Annullo me stessa per occuparmi di te.
Non stiamo però parlando di un comportamento autenticamente altruista, ma del bisogno di alleggerire un senso inconsapevole di colpa e trovare un po’ di quiete interiore. Possiamo ipotizzare il bisogno di evitare al partner le sofferenze provate nella propria vita, anche se ogni individuo ha una propria storia irripetibile. Dare senso alla propria vita dedicandosi all’altro non è necessariamente una scelta, ma può servire a colmare un senso di sé così rarefatto da dover trovare una ragione esterna per legittimare la propria esistenza.
L’uomo che rimane in questa situazione, accettando questo tipo di relazione, può percepirsi a propria volta fragile, esserlo davvero o approfittare di una situazione comoda. Si potrebbe affermare che, se la situazione va bene a entrambi, significa che hanno trovato un equilibrio. In verità, mi sento di affermare che la mancanza di consapevolezza delle proprie dinamiche interne fa si che la donna senta di stare bene in quella relazione. Purtroppo, o per fortuna, non è raro che, a un certo punto della vita, la consapevolezza di non vivere pienamente la propria vita in nome del Io ti salverò si manifesta in modo dirompente con una crisi di senso che costringe la donna a rileggere la propria esistenza e, se ne avrà la forza e le condizioni pratiche lo consentono, rimetterà tutto in discussione.

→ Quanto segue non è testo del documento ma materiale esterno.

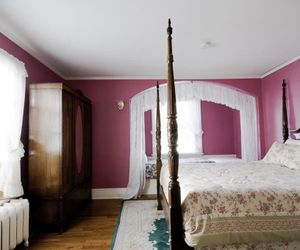 Chestnut Inn Niagara Falls Canada
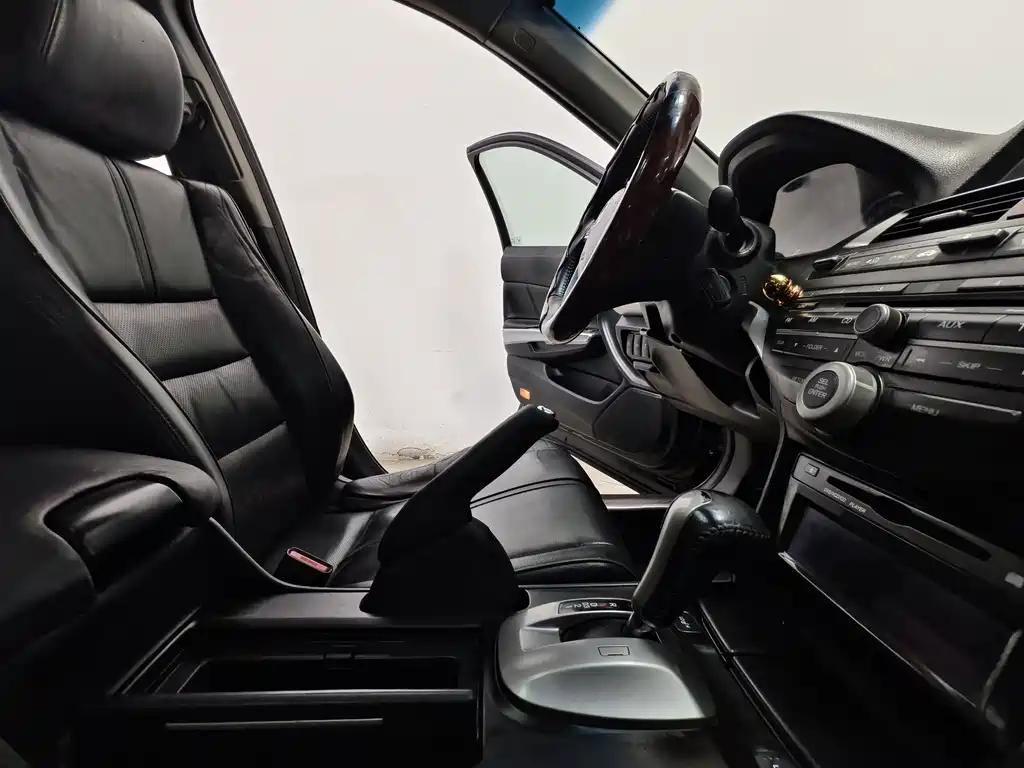 Honda Crosstour — миниатюра 15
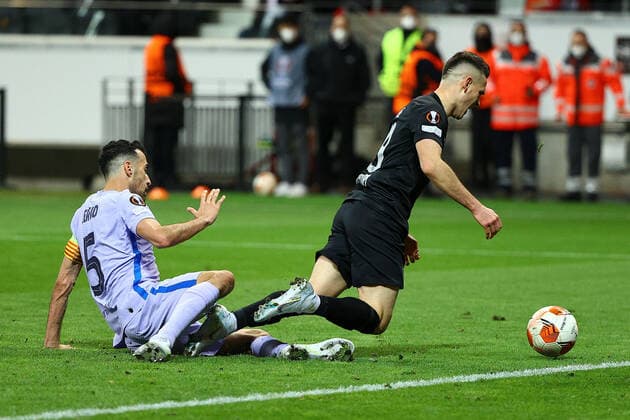 Frankfurt am Main, 07 04 2022 xjfx football UEFA Europa League, Eintracht Frankfurt FC Barcelona emspor, emonline, v l , No penalty, Busquets FC Barcelona , Rafael Santos Borre Maury Eintracht Frankfurt , Duel, Action, Action, Battles for the Ball Copyright: JoaquimxFerreira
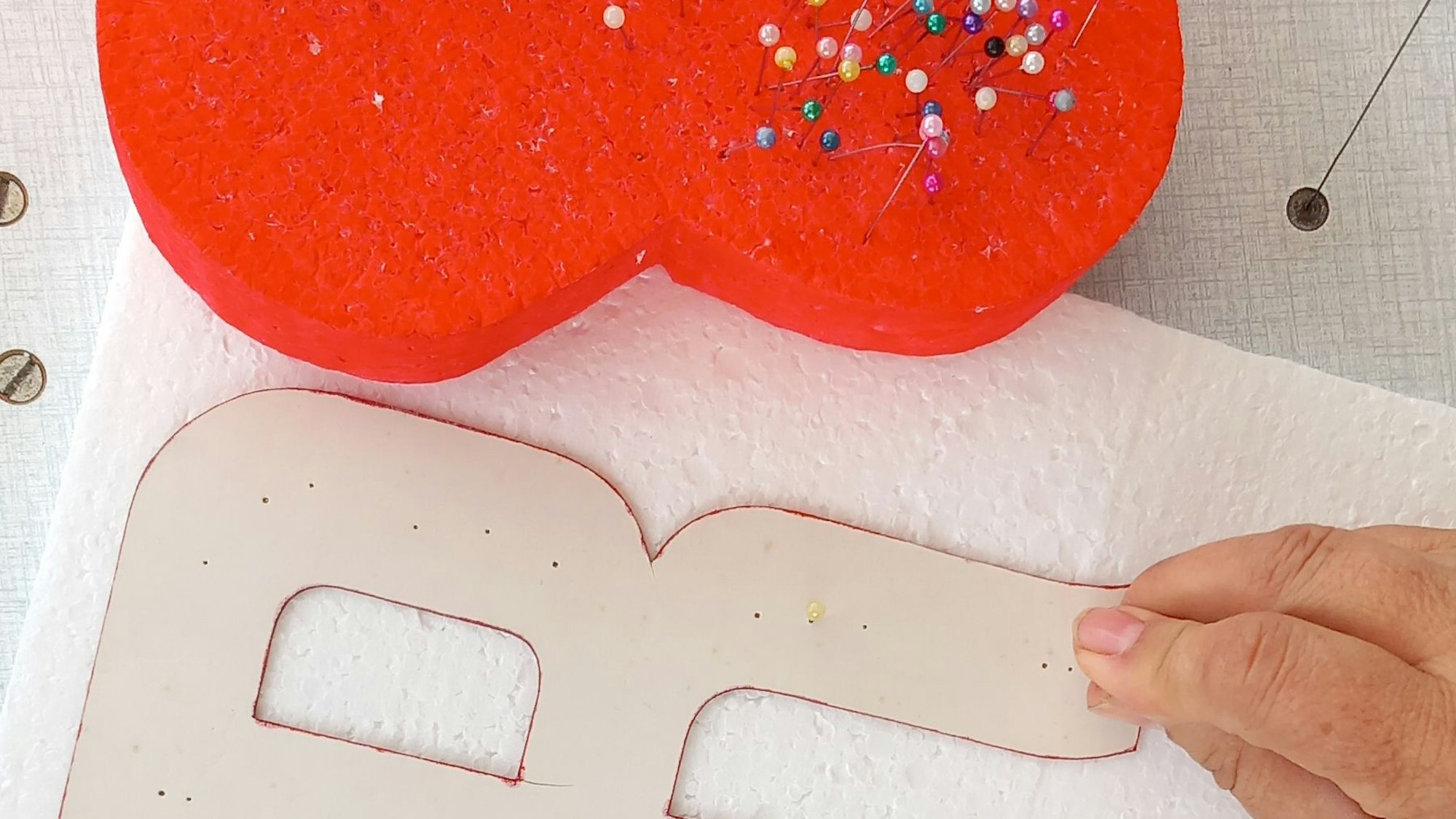 Maiherzenwerkstatt von Birgit Haas in Bornheim mit Schablonen für die Buchstaben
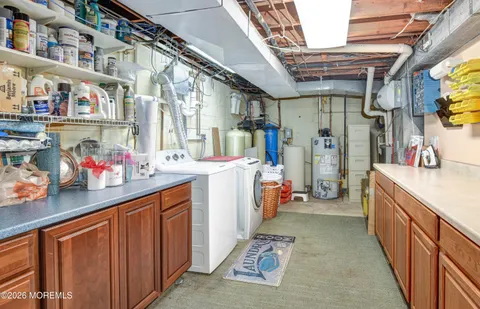 $795,000 | 21 La Valley Drive, Manalapan, NJ 07726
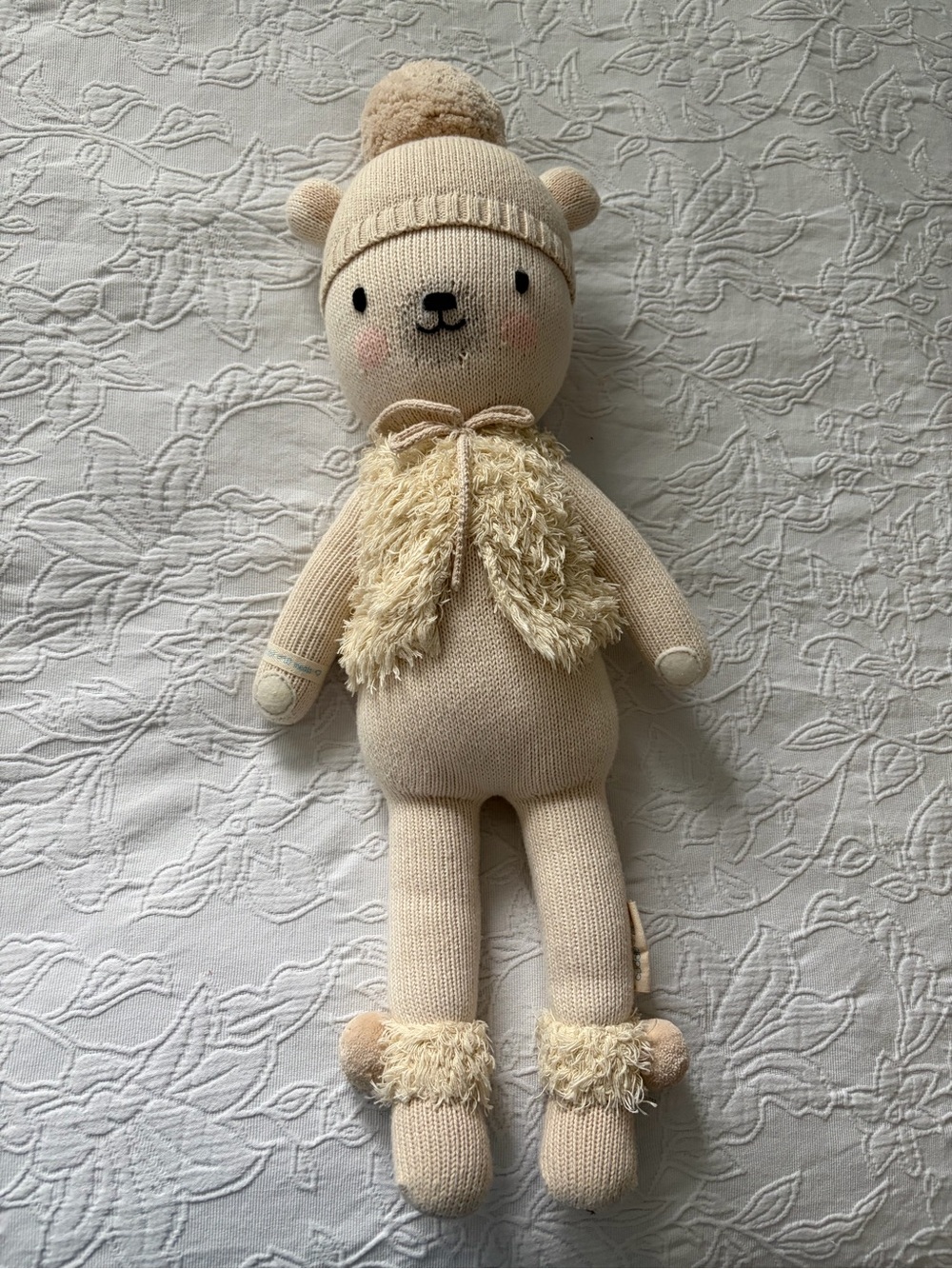 Cuddle and Kind Stella the polar bear full size
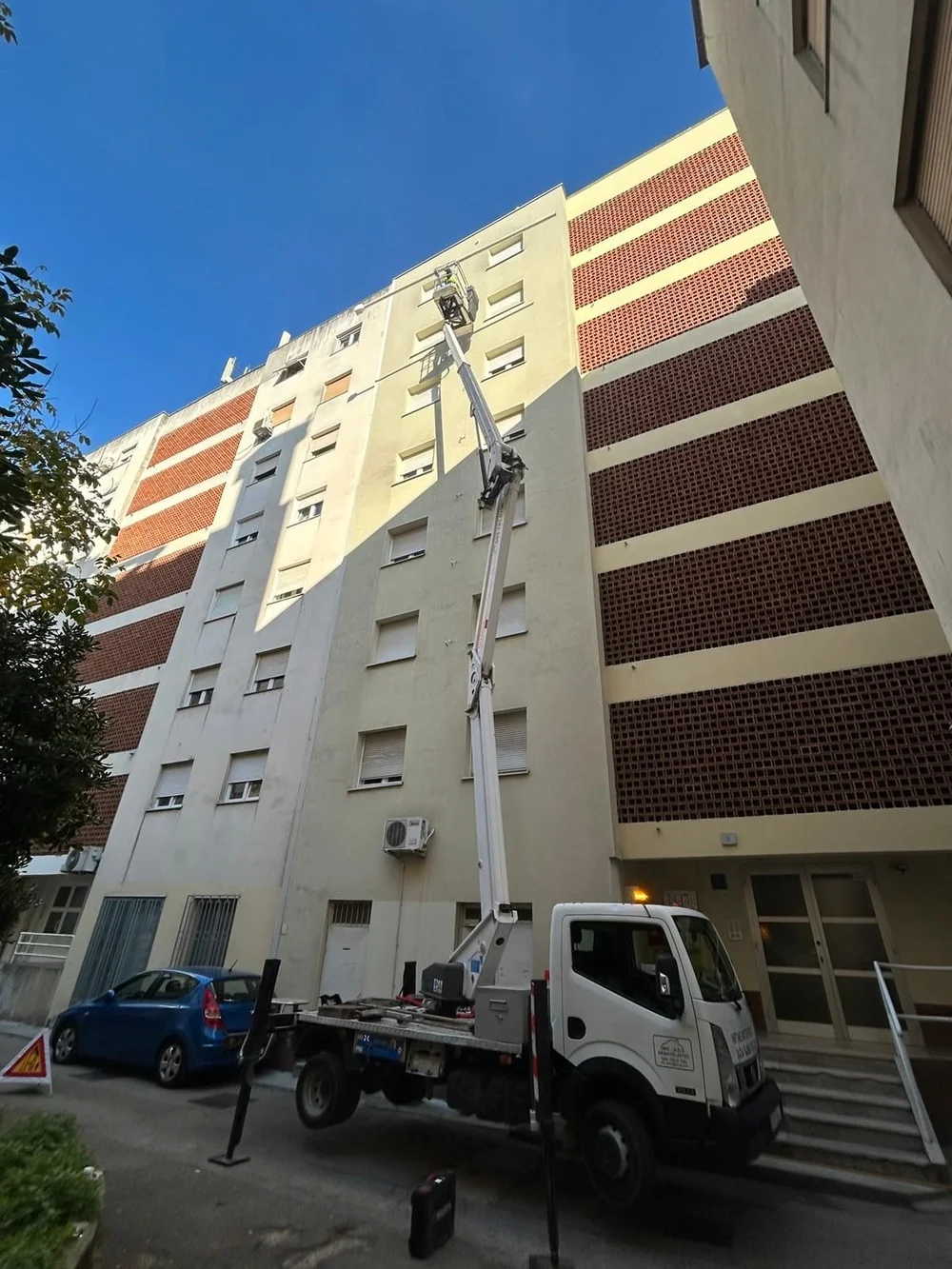 Radovi na fasadi stambene zgrade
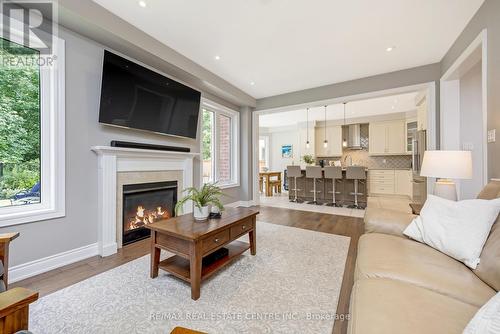 147 Upper Canada Court, Halton Hills (Georgetown), ON - Indoor Photo Showing Living Room With Fireplace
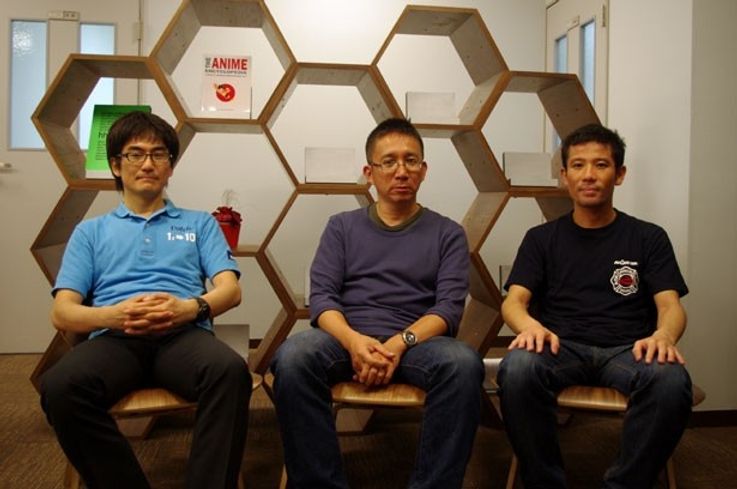 写真左よりカトキハジメ監督、安藤裕章監督、 森田修平監督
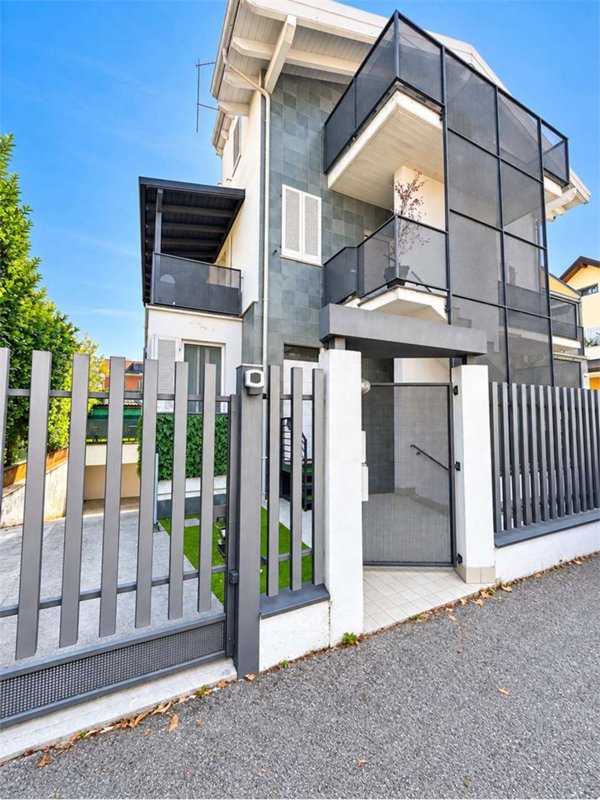 appartamento in vendita a Cernusco sul Naviglio
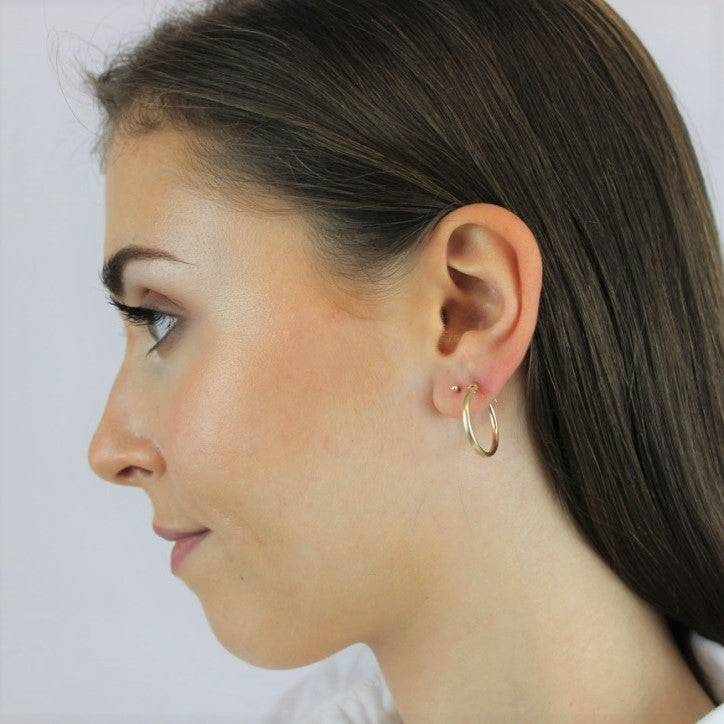 Boucles d'oreilles à tige en or jaune 9 carats avec boule de 2 mm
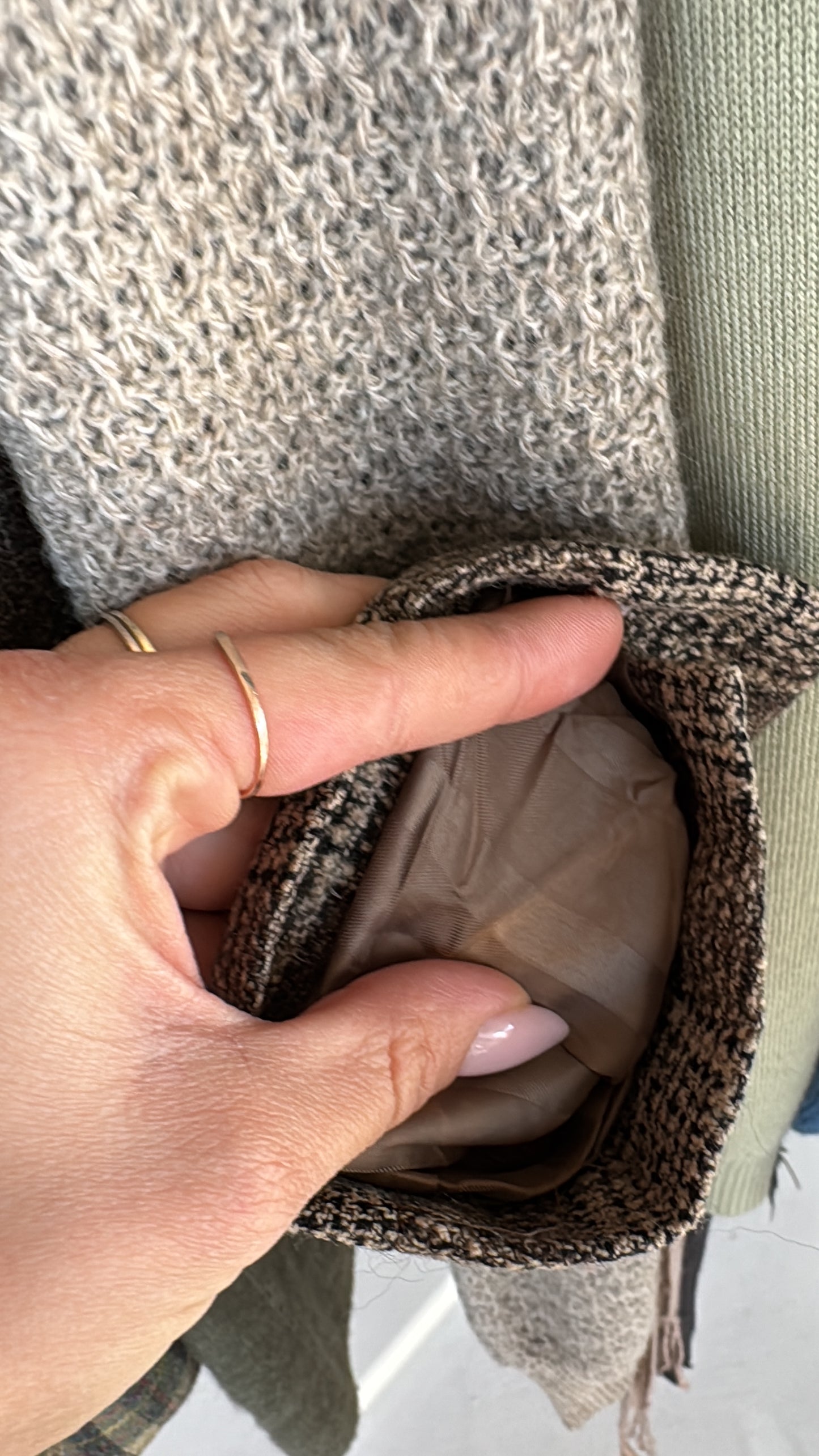 Sacou premium italian în croi lung minimalist ușor cambrat din tweed de lana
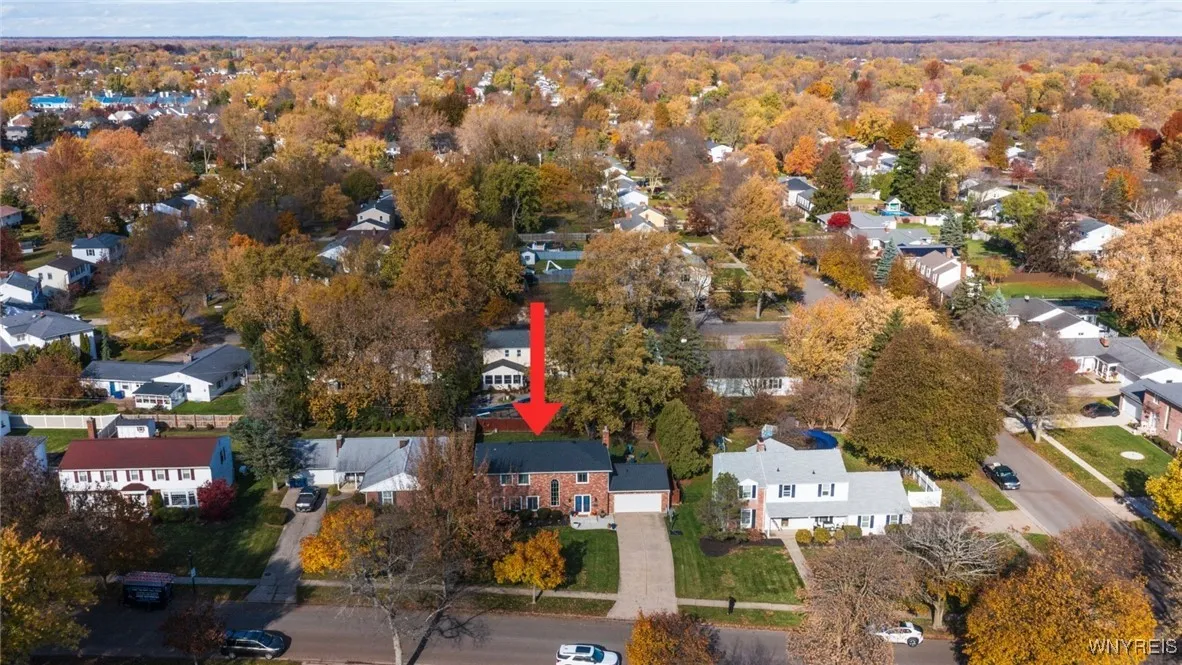 116 The Paddock, Amherst, New York 14221, Amherst, New York 14221, 4 Bedrooms Bedrooms, 10 Rooms Rooms,2 BathroomsBathrooms,Residential,For Sale,116 The Paddock, Amherst, New York 14221,0,B1648983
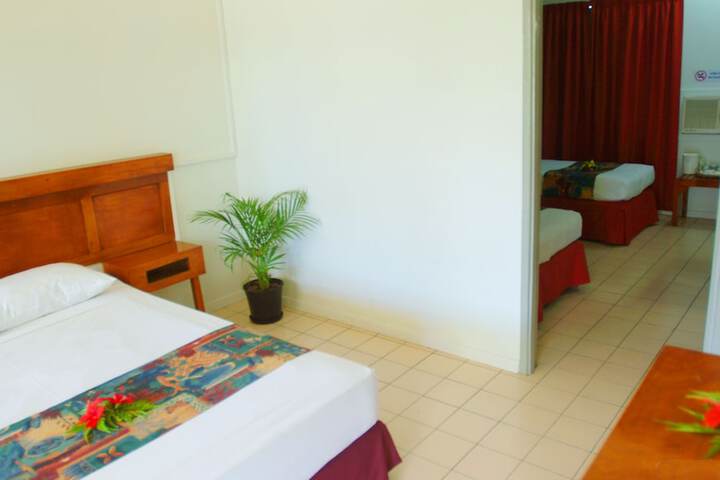 Room 9 of 98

L’atteggiamento da salvatrice può manifestarsi anche in situazioni diverse da quelle di bisogni concreti, ma anche quando l’uomo viene ritenuto quasi perfetto, da rendere perfetto. La donna potrebbe accorgersi ad esempio, di avere a che fare con un uomo introverso e poco incline alla condivisione dei propri stati interni. Usando un altro linguaggio potrei dire che la donna, bisognosa di condividere le proprie emozioni, e desiderando che il proprio compagno faccia lo stesso, tenda però a trascurare per un lungo tempo che si trova al cospetto di un uomo distanziante e poco a suo agio con l’intimità. Io ti salveròl in questo caso, potrebbe significare, io ti insegnerò a raccontarmi come ti senti dentro, ti farò da esempio di come si fa e ti farò percepire tutti i vantaggi di questo atteggiamento.
Nulla di più velleitario. Il poco interesse verso gli stati interni a favore degli aspetti pratici della vita è frutto di una storia di attaccamento in cui è stato fondamentale per quell’uomo evitare di sentire emozioni molto dolorose. La causa di certi atteggiamenti è molto legata alla nostra cultura che solo da poco tempo chiede e permette ai bambini maschi di entrare in contatto con proprie emozioni. Tanto per capirci sto riferendomi ai celeberrimi stereotipi di genere, in cui maschi e femmine vengono incoraggiati sin dall’infanzia ad assumere comportamenti differenti in base al genere.